To install a two-ferrule mechanical grip fitting, there are three simple steps to follow:

Insert the tubing into the tube fitting. Make sure the tubing rests firmly on the shoulder of the fitting body and that the nut is finger tight.
Mark the nut of the fitting at the 6 o’clock position
Hold the fitting body steady and tighten the nut one-and-a-quarter turns

Once the fitting connection is assembled, it is critical for technicians to employ a gap inspection gauge to ensure the fitting is tightened well enough (Figure 2). To do so, they should place the gauge between the nut and body hexes of the fitting and gently push. The fitting is correctly tightened if the gauge does not fit in the gap; if there is enough space for the gauge to enter, then technicians should tighten the fitting further.

Figure 2. To ensure tube fittings are tightened enough, technicians should employ a gap inspection tool and adjust accordingly.

Avoiding Interchange and Intermix

Intermixing or interchanging components from different suppliers is not a best practice. Interchange occurs when an assembled tube fitting is removed and replaced with a tube fitting from another manufacturer. Intermixing means that tube fitting components like tubing, nuts, and ferrules come from different manufacturers and are assembled together to construct a completed fitting.

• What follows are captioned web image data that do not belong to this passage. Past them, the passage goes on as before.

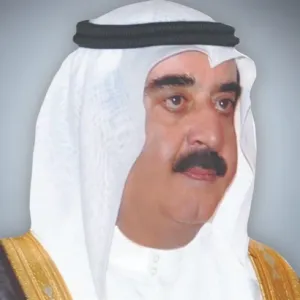 حاكم أم القيوين يعزي ملك البحرين في وفاة الشيخ عبدالله بن سلمان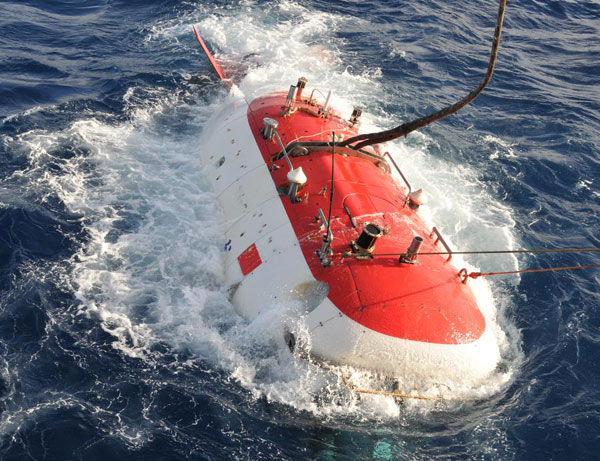 Woman pilot of deep-sea submersible shares her story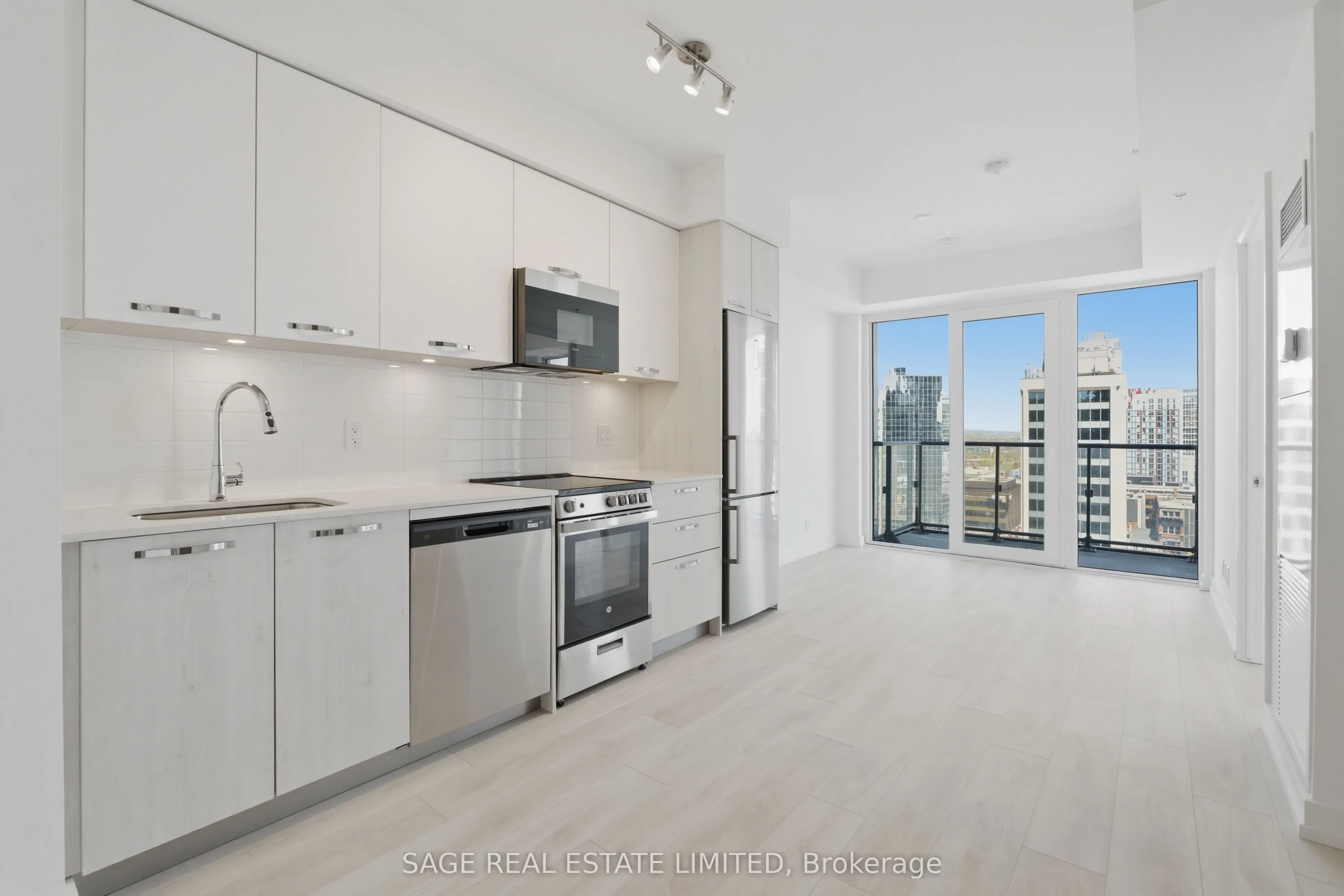75 James Street S #1404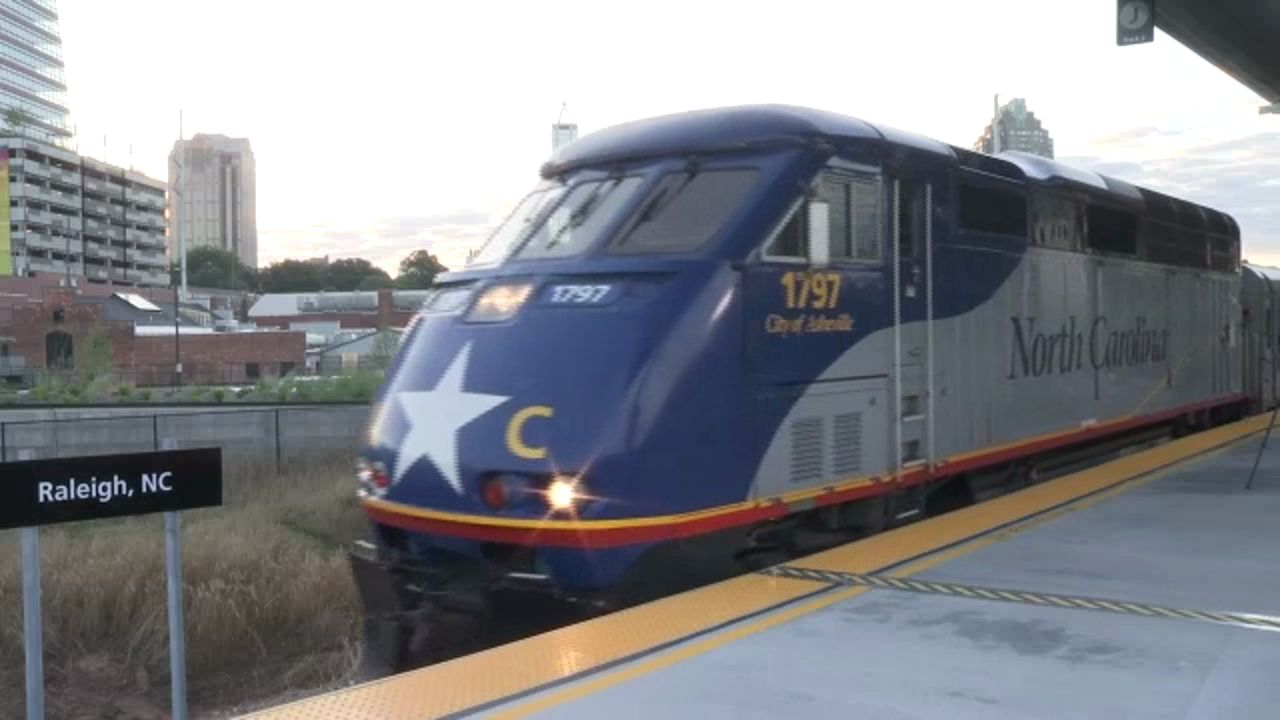 image of amtrak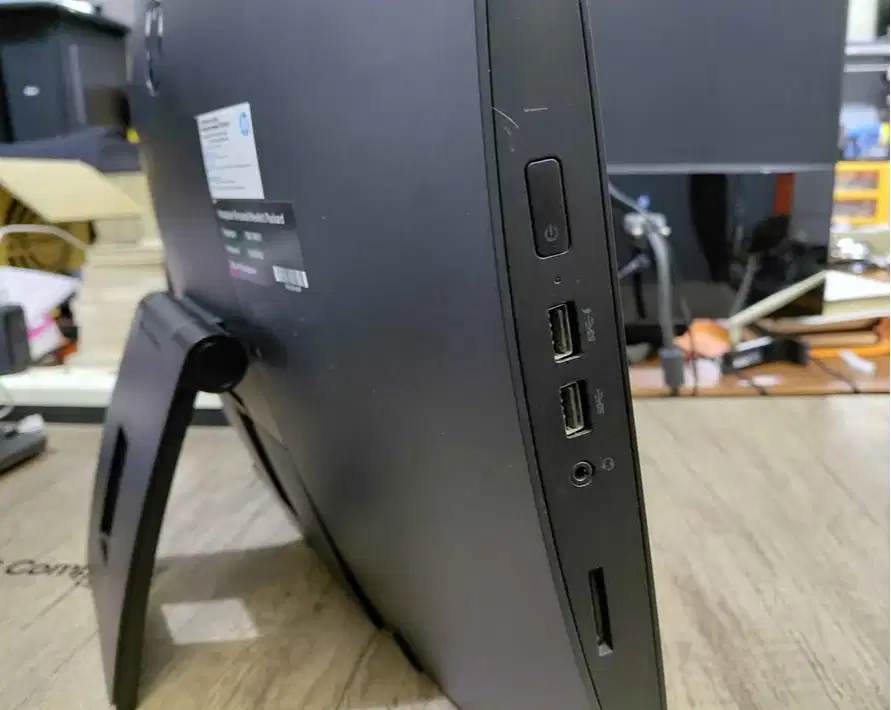 Hp proOne 400 G3 Touchscreen intel i3 7100 BISA UPGRADE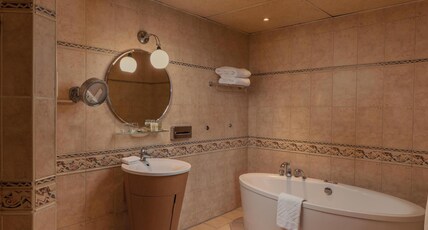Hilton Pyramids Golf Room Type - EXECUTIVE SAFARI SUITE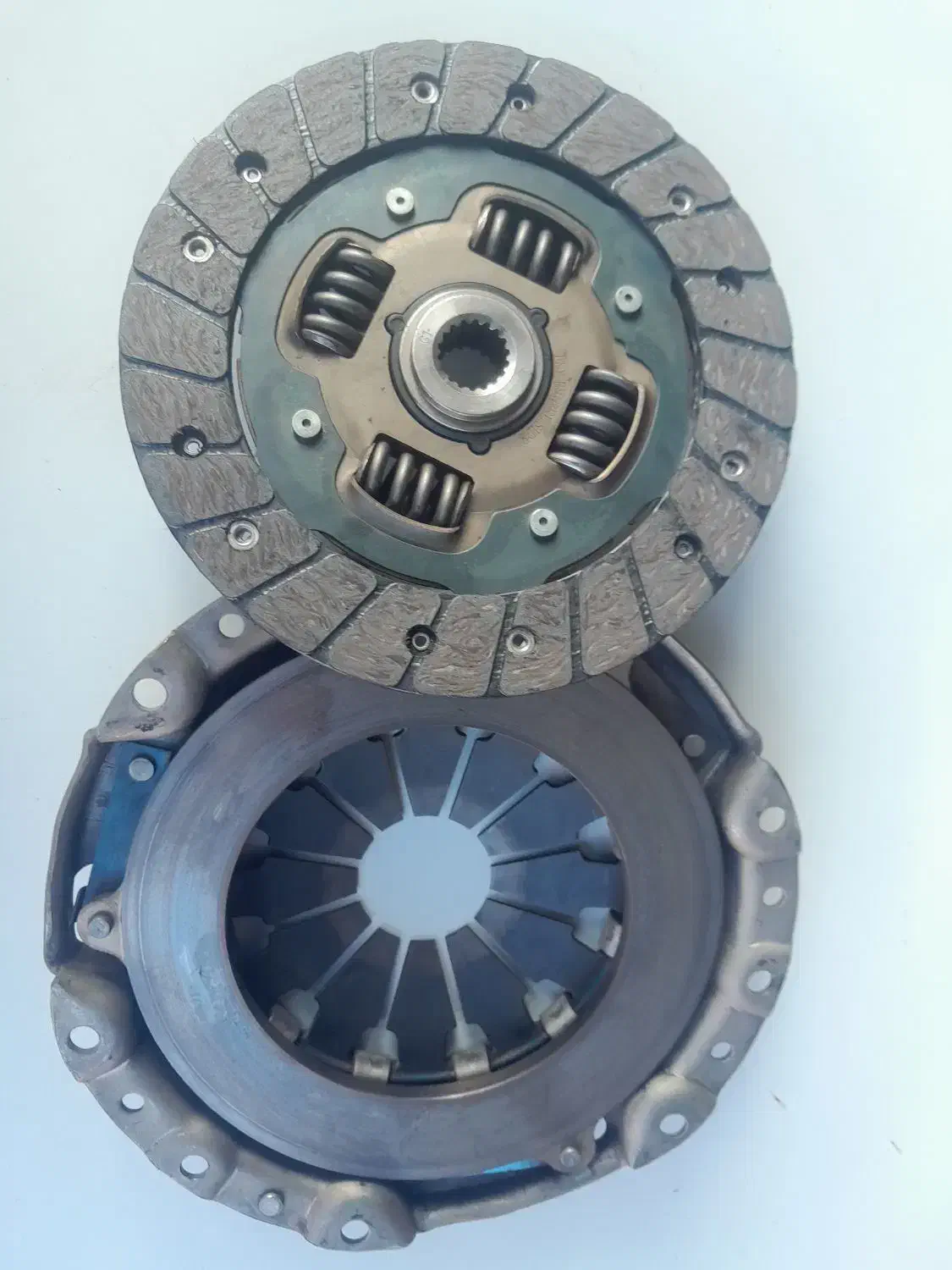 دیسک وصفحه پراید پیکان پژو با تعویض و شش ماه ضمانت|قطعات یدکی و لوازم جانبی|مشهد, سپاد|دیوار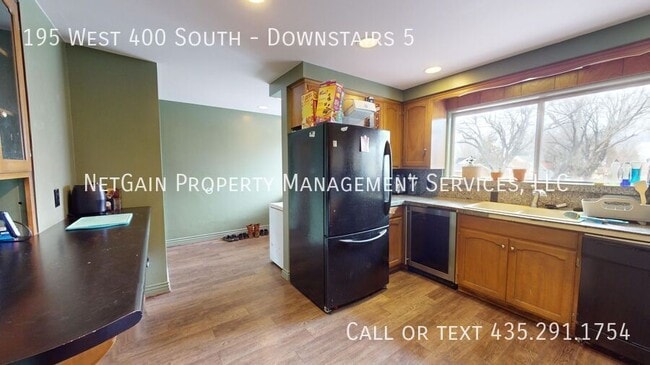 Photo - 195 W 400 S Unidad Downstairs 5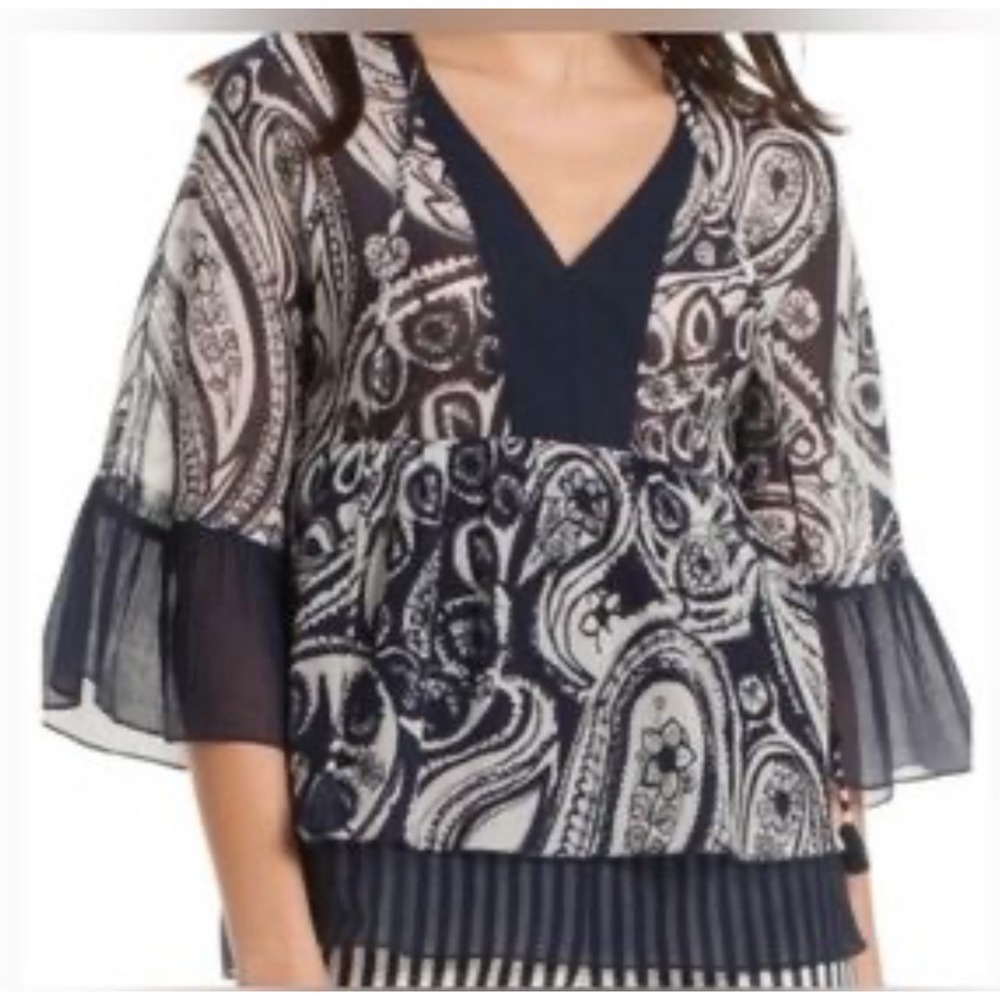 Trina Turk Ayden Navy Paisley Print Silk Blend Bell‎ Sleeve Top Blouse size XS/S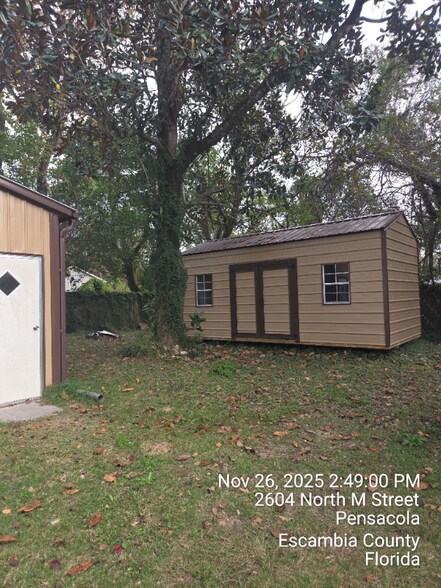 Building Photo - 2604 N M St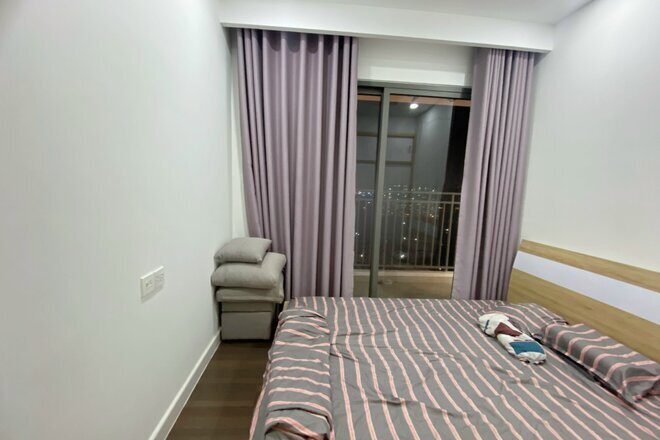 Cho thuê 2 phòng ngủ view tầng cao ban công mát giá 16 triệu bao phí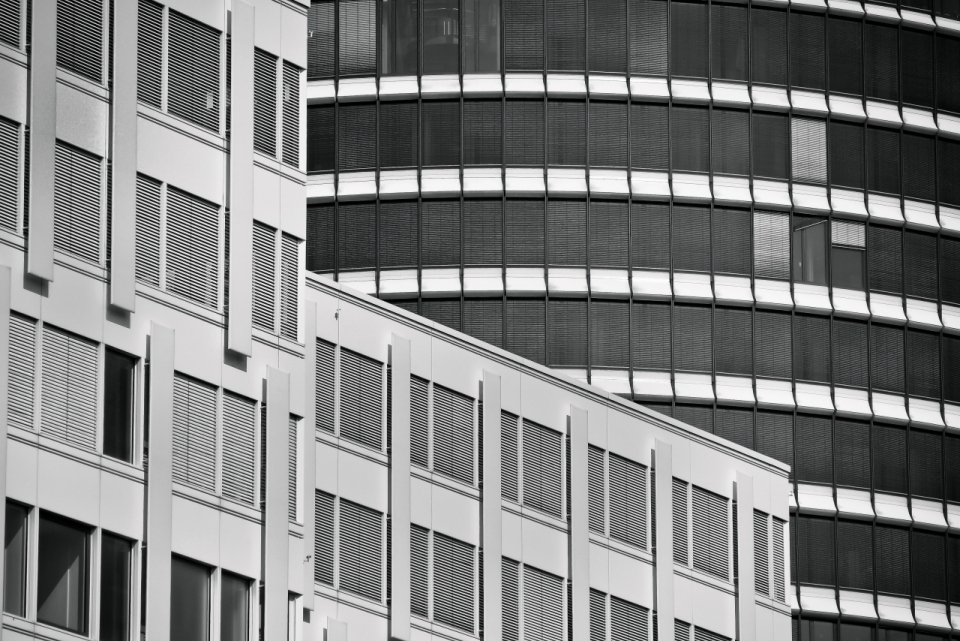 黑白现代城市高楼大厦建筑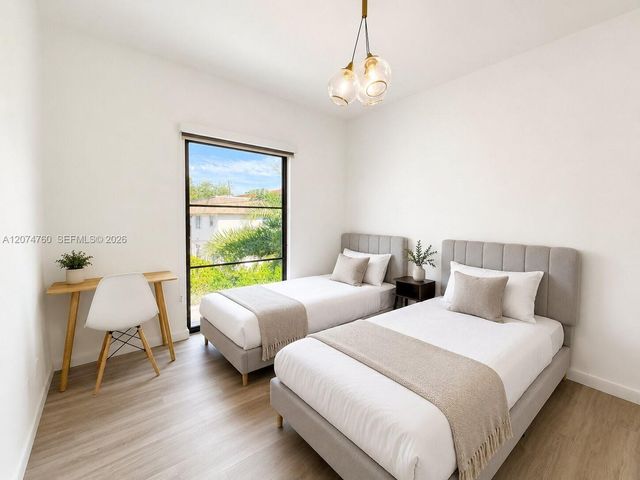 2511 Pierce Street 7, Hollywood, FL 33020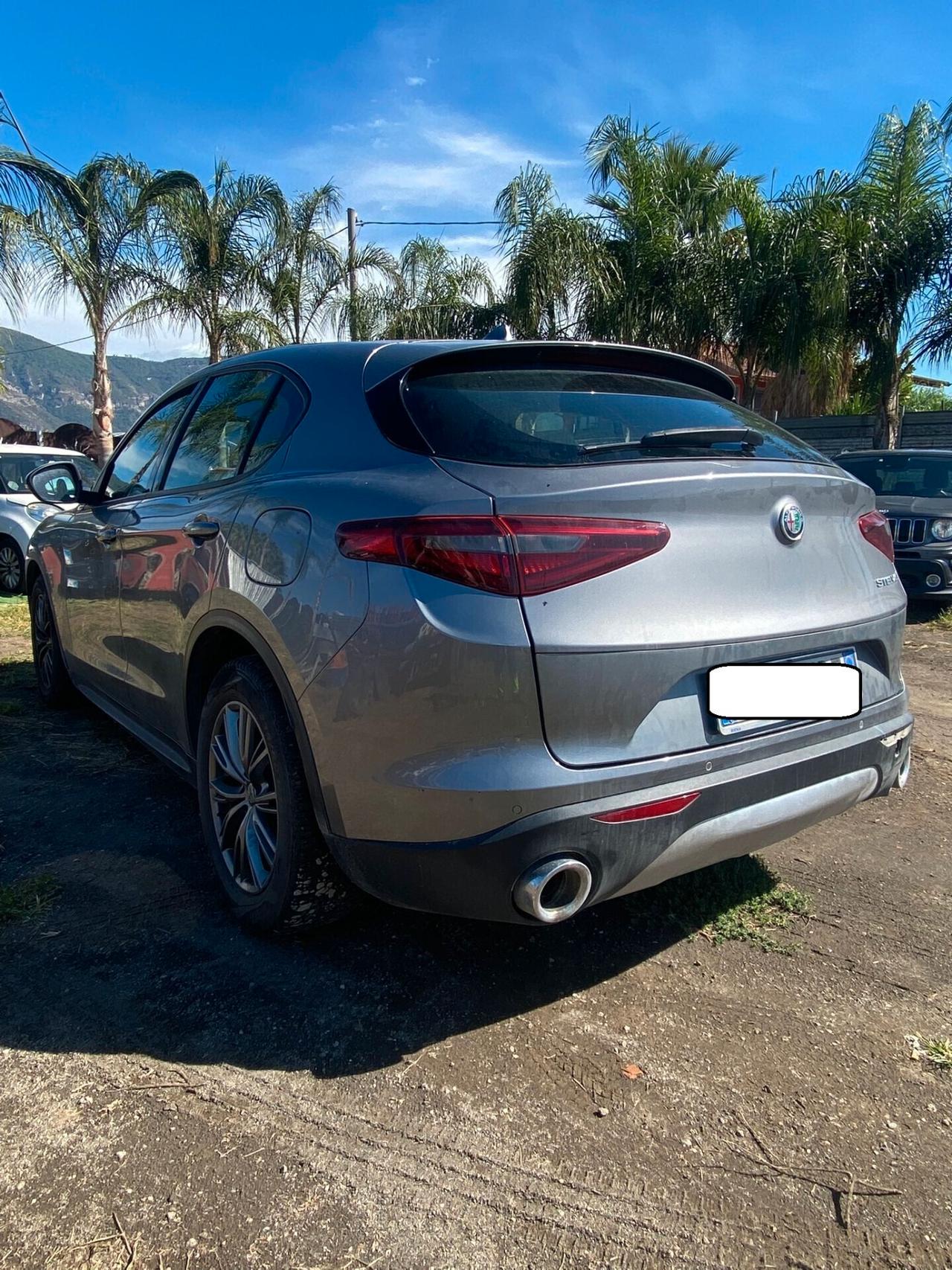 Alfa Romeo Stelvio 2.2 160 CV MOTORE ROTTO ?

Avoiding both practices is essential to creating leak-free fluid systems because there are no common standards for the design of tube fittings, so there is no guarantee components from different manufacturers will properly work together. Using components from different manufacturers may also render your warranty invalid, which will lead to higher maintenance costs if something does indeed go wrong.

In conclusion

To reduce leaks and improve overall performance, plant operators should follow generally accepted best practices when it comes to installing tube fittings. Whenever possible, find a supplier who can support proper tube fitting installation through effective training for plant employees. Adhering to these standards will improve environmental safety, operational efficiency, and profitability because critical fluid systems will function as designed.